UK commercial lines insurers are wasting £1bn ($1.42bn) each year through inefficient transaction handling, a leading figure in the financial services industry has claimed.
Sir Brian Pitman, former chairman of Lloyds TSB, said: "The commercial lines insurance industry is currently fragmented and extremely inefficient".
"With large amounts of duplication, manual processes, errors and incompatible systems absorbing 34% of all premiums, it is no wonder that the sector is struggling to make a profit".
On a European basis, transactional costs are estimated to be around €21bn, ($18.58bn).

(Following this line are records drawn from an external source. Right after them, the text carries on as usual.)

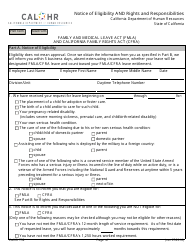 Form CALHR752 Notice of Eligibility and Rights and Responsibilities - California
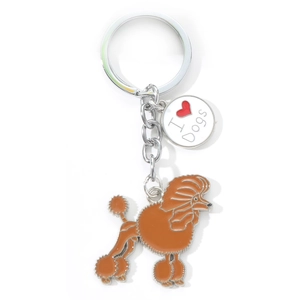 Brown Poodle metal keychain with enameled dog charm and I Love Dogs round tag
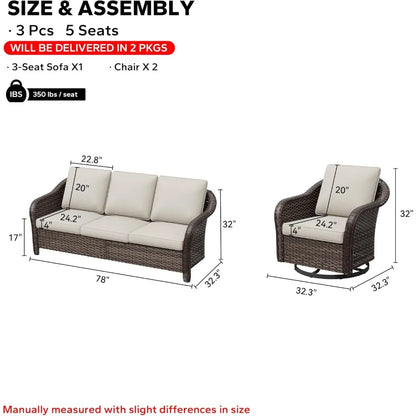 3 Pieces Patio Conversation Set, 78" Wicker 2-Seat Couch with Washable Cushions, Wicker 360 Degree Swivel Glider Rocker Chairs,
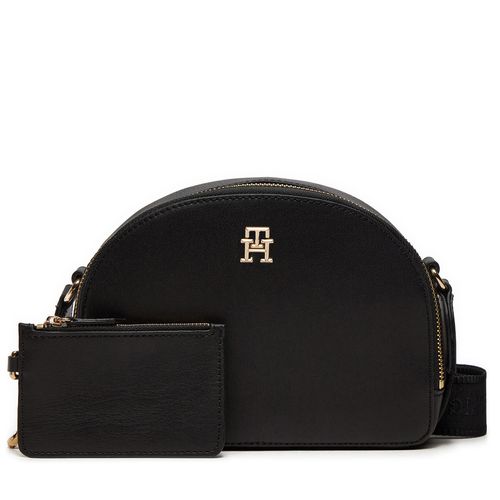 Sac à main Tommy Hilfiger Monotype Half Moon AW0AW16482 Noir - Chaussures.fr - Modalova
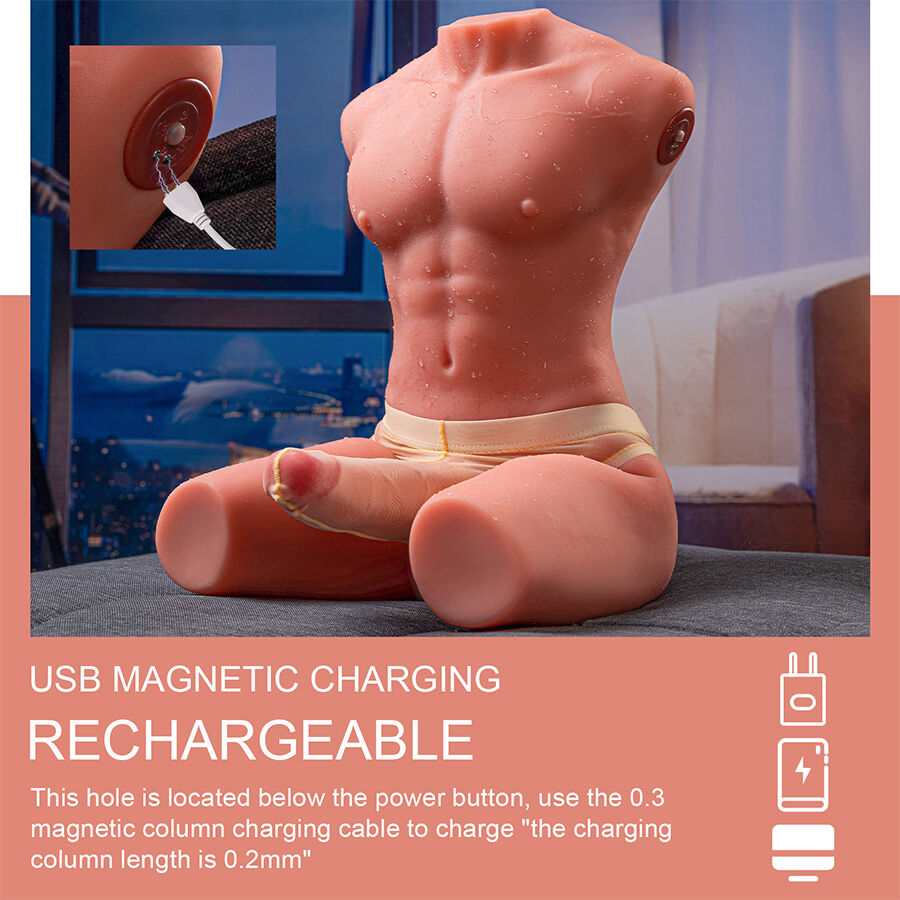 XISE - JASON HALF BODY TORSO REALÍSTICO MASCULINO CON THRUSTING Y VIBRACIÓN 55 CM - Imagen 10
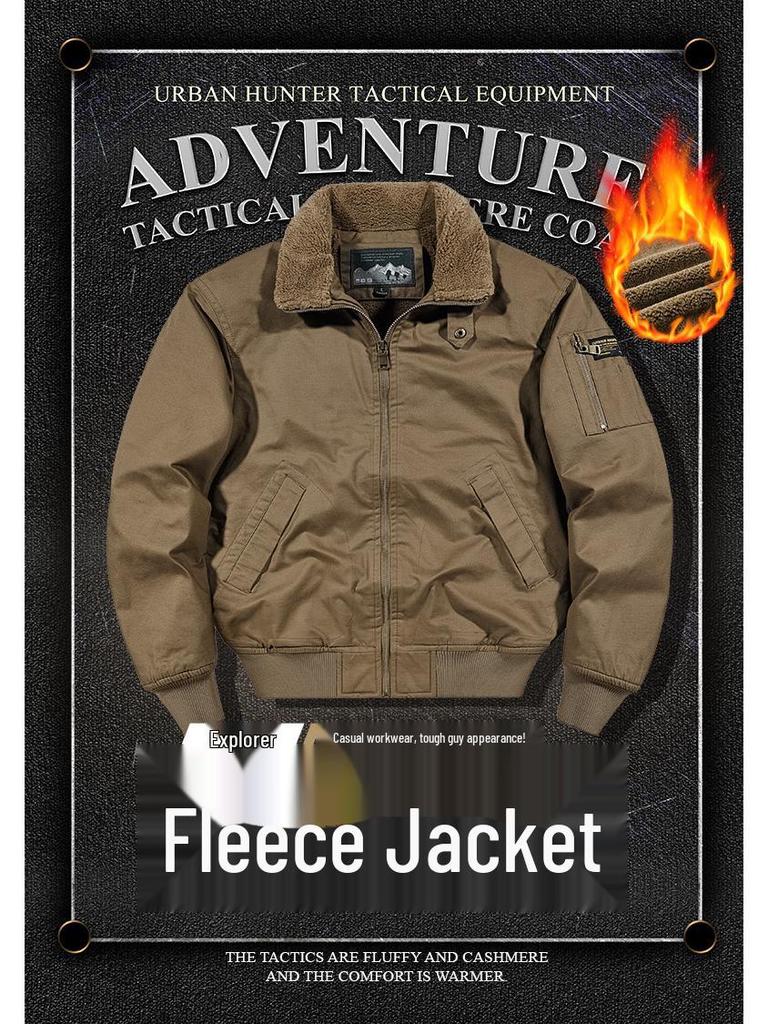 Men's Winter Fleece-Lined Bomber Jacket: High-End Fashion Outerwear for Cold Weather
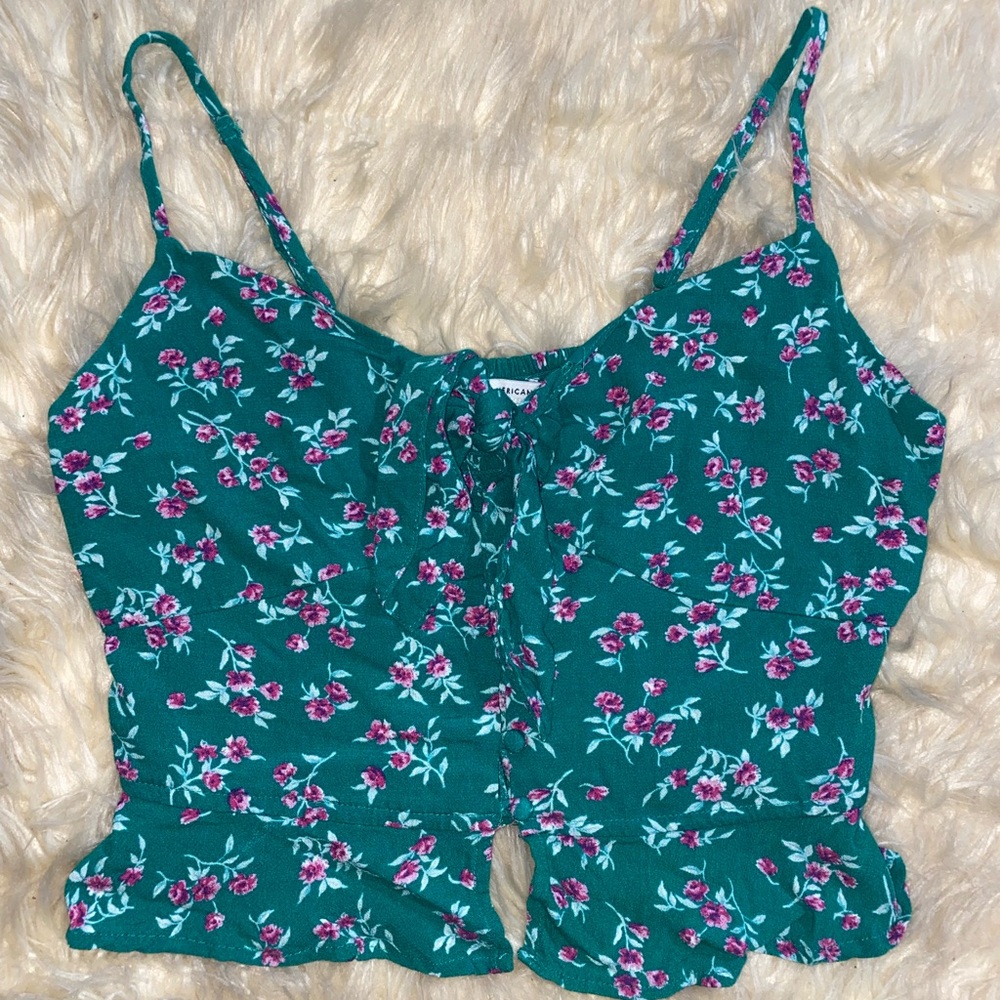 American Eagle Green & Pink Floral Cropped Tank Top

Sir Brian was speaking at the launch of an insurance technology company he is chairing named Acturis, which is funded by London venture capital and will serve brokers, he warned:
"Both brokers and insurers must act quickly to reduce costs and improve service levels and profitability".
Acturis said half of all UK independent regional brokers had yet to create a website.
More than 50% of documents sent to brokers by insurers were incorrect, and needed to be resent. Of those resent, 30% were still incorrect.
More than 35% of client documents took well over 100 days from the time received by the broker to being issued to the client. Only 8% of documents were emailed.
Acturis plans to introduce early in 2002 its web based technology platform to support administration; and provide a mechanism to create new products and services quickly.
It will be entering a fiercely competitive market in web support for transactions, albeit one still in its infancy.
Joint chief executive David McDonald spoke of the danger that technology alone would reinforce existing efficiencies. His company's system would offer brokers process redesign, and product and service innovation.
The company is working with businesses including brokers Bland Bankart and Smart & Cook, and insurers including Independent and Norwich Union.
The venture originated from a project known as Riskline and backed by a £10m development for one of its partners, Nedcor, one of the biggest financial services groups in South Africa.